В заключение — коротко о моих земляках, которые были со мной там и тогда; нескольких из них я упоминал в «Венгерском дневнике», и, быть может, читателям хотелось бы знать их дальнейшую судьбу.
Ханка Адамецкая, светлая, благородная, чистая, постоянно жила на самой высокой, напряжённой ноте и — покончила с собой через несколько месяцев после нашего возвращения из Будапешта. На её похоронах встретились, пожалуй, все остальные — последний раз в полном составе.
В обстоятельствах, слишком похожих на самоубийство, погибла вскоре и Лидка Видаевич — «девчоночка с шапкой волос и огромным автоматом», о которой я писал в заметке от 1 ноября, умышленно тогда не уточняя, что речь идёт о польской студентке, участнице венгерского восстания. После нашего возвращения Лидка не раз ко мне забегала, мы разговаривали, я разделял её горечь, но сжигавшая этого полуребёнка ненависть возбуждала сострадание и страх. Я пытался её успокаивать, однако ожидавшей её гибели не предчувствовал, хоть, может, и следовало бы.
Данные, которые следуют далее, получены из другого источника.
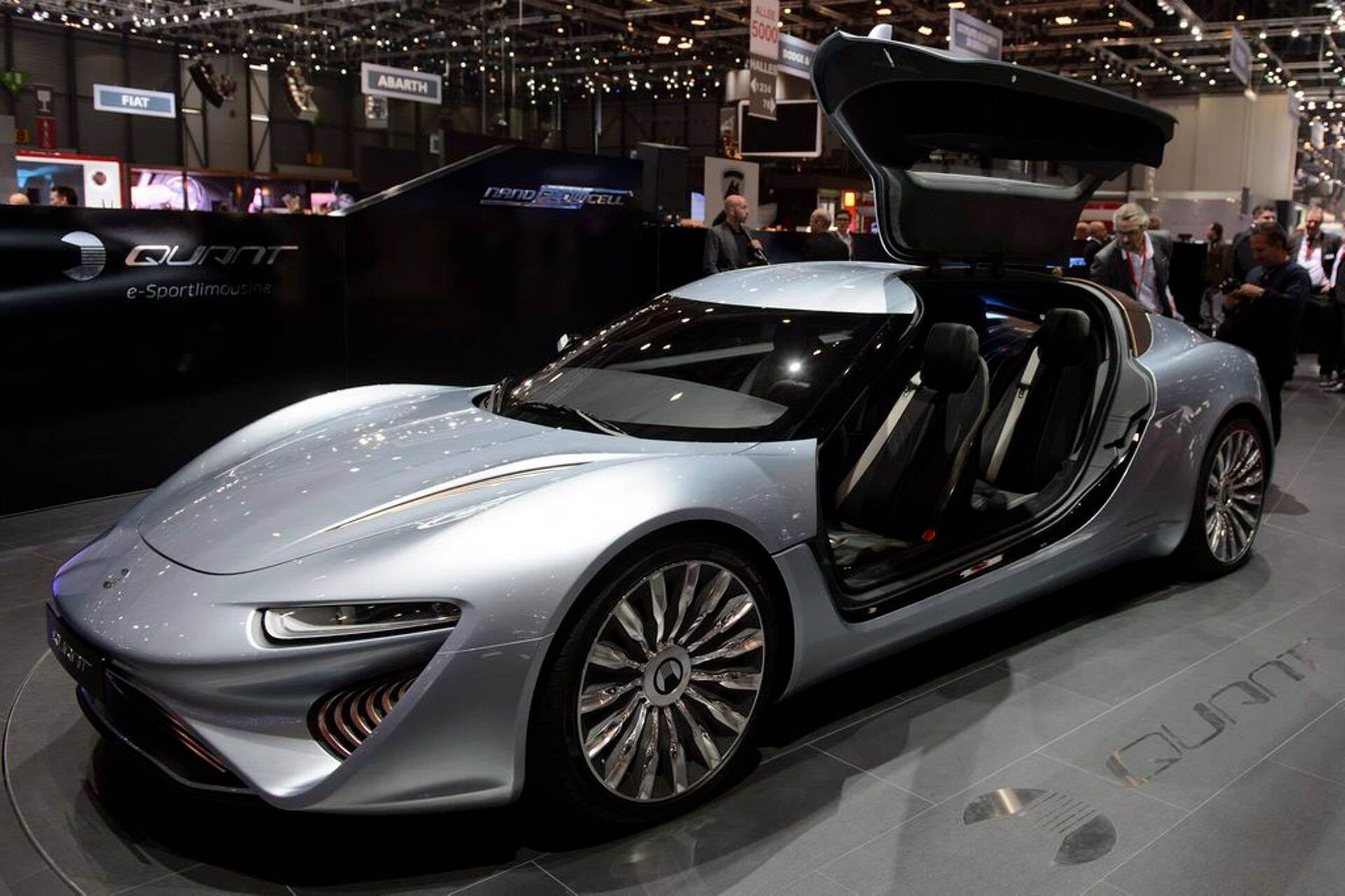 Soolveega sõitev auto Quant e-Sportlimousine selle aasta Genfi automessil.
Марьяна Белицкого тоже нет в живых. Он умер обыкновенно, в больничной постели, после месяцев страданий, после лет запутанной иногда, но яркой жизни. Он умел радоваться жизни, как мало кто из известных мне людей, и в то же время был способен на самоотречение и самоотверженность ради убеждений и друзей. Марьян расстался с партией задолго до меня, ещё в 1957 году. Из-за этого ему пришлось почти полностью отойти от журналистики; в поисках другого поля деятельности он занялся древней историей и написал хорошую книгу о шумерах. Были у него и другие планы, а в больницу он попал внезапно: я был за границей, ничего не знал, а вернувшись, на следующий день узнал о его похоронах.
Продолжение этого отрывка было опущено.